J'ai déjà statué, ainsi que d'autres, que cette Cour n'a pas la compétence nécessaire pour prononcer le sursis dans les circonstances de l'espèce. Toutefois, d'autres juges de cette Cour ont exprimé l'opinion contraire. Il subsiste évidemment un certain doute sur la compétence qu'a cette Cour de surseoir à l'exécution d'une mesure d'expulsion dont la validité n'est pas contestée. Si je le pouvais, j'ordonnerais le sursis de l'exécution de la mesure d'expulsion en attendant que la Cour d'appel se prononce sur la question de la compétence. Je le ferais parce que, si j'ai le droit d'accorder un sursis, il devrait clairement s'exercer en l'espèce, et il serait dans l'intérêt de la justice de maintenir le statu quo en attendant que soit réglée la question. Toutefois, j'ai été incapable de trouver dans la procédure le moyen de soumettre, en l'espèce, la question à la Cour d'appel; il se peut, de fait, qu'elle échappe entièrement à la compétence de cette dernière.
Dans ces circonstances, il appartient aux membres de cette Cour de s'assurer de l'existence d'une certaine uniformité dans le traitement des questions fondamentales ressortissant à la compétence de cette Cour. Lorsqu'il subsiste un doute quant à la compétence de la Cour d'accorder une réparation, et qu'il semblerait dans l'intérêt de la justice de l'accorder, j'estime que l'on devrait trancher le doute en faveur de la partie qui demande la réparation. Le contraire priverait cette dernière d'une réparation dans l'hypothèse nécessaire que ceux qui se sont reconnus compétents pour l'accorder avaient tort. Je crois que l'on doive faire l'hypothèse contraire tant que la Cour d'appel n'aura pas décidé autrement, le cas échéant.
[12] Le juge Muldoon donne une portée un peu plus large à la compétence prévue à l'article 18.2 que ne le fait le juge Strayer. Dans les décisions Muñoz, Owusu, Ponnampalon, Invathong, Williams et Rizzo, il a exprimé l'opinion que l'existence d'une demande de contrôle judiciaire n'est pas le facteur qui détermine si la Cour peut ou non exercer sa compétence. Selon lui, il convient plutôt que la Cour exerce cette compétence pour empêcher qu'il y ait "mauvaise administration" de la justice. Ce qui constitue une "mauvaise administration" de la justice dépend des circonstances de chaque affaire.
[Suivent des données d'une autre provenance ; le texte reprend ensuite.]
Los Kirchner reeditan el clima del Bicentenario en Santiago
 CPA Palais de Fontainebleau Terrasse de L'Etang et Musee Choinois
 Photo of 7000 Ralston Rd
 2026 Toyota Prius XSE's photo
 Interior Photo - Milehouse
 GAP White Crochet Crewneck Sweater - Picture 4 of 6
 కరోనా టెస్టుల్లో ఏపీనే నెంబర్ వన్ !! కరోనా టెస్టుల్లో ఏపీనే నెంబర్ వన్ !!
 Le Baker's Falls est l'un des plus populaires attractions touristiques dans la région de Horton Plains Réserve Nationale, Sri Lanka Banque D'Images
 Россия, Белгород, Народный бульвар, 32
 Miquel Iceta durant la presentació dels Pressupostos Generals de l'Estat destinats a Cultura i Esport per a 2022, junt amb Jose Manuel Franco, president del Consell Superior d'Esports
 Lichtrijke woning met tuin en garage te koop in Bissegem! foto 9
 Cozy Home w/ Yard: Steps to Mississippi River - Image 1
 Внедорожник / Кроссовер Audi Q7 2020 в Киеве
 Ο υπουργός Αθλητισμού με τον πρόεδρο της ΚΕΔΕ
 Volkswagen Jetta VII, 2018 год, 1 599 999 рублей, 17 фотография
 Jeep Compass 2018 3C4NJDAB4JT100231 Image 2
[13] Le juge Simpson pousse ce raisonnement un peu plus loin dans la décision Calderon. Selon elle, la Cour, lorsqu'elle est saisie d'une demande de sursis visant une mesure d'expulsion, doit "examiner toutes les circonstances et faire ce qui est juste". Elle a donc statué que le pouvoir discrétionnaire conféré à l'article 18.2 a une portée considérable en matière d'immigration.

[14] Même chez les juges pour qui cet exercice du pouvoir discrétionnaire prévu à l'article 18.2 ne soulève pas de problème relevant de la compétence, les opinions varient quant aux circonstances pouvant fonder une ordonnance de sursis.

D. Ma réponse à l'argumentation soumise

[15] Comme je l'ai dit dans mes motifs oraux, je suis d'avis qu'il n'existe pas de restriction fondée sur la compétence limitant l'exercice du pouvoir discrétionnaire conféré par l'article 18.2. La question de savoir s'il convient d'exercer ce pouvoir dépend des circonstances de chaque affaire.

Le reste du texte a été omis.